# Data block
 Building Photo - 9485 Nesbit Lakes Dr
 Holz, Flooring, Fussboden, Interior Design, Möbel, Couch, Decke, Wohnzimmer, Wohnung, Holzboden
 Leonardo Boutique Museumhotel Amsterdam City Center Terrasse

# What is being asked
Each line of the data above should appear again in your answer, exactly as given.

# Answer section
 Building Photo - 9485 Nesbit Lakes Dr
 Holz, Flooring, Fussboden, Interior Design, Möbel, Couch, Decke, Wohnzimmer, Wohnung, Holzboden
 Leonardo Boutique Museumhotel Amsterdam City Center Terrasse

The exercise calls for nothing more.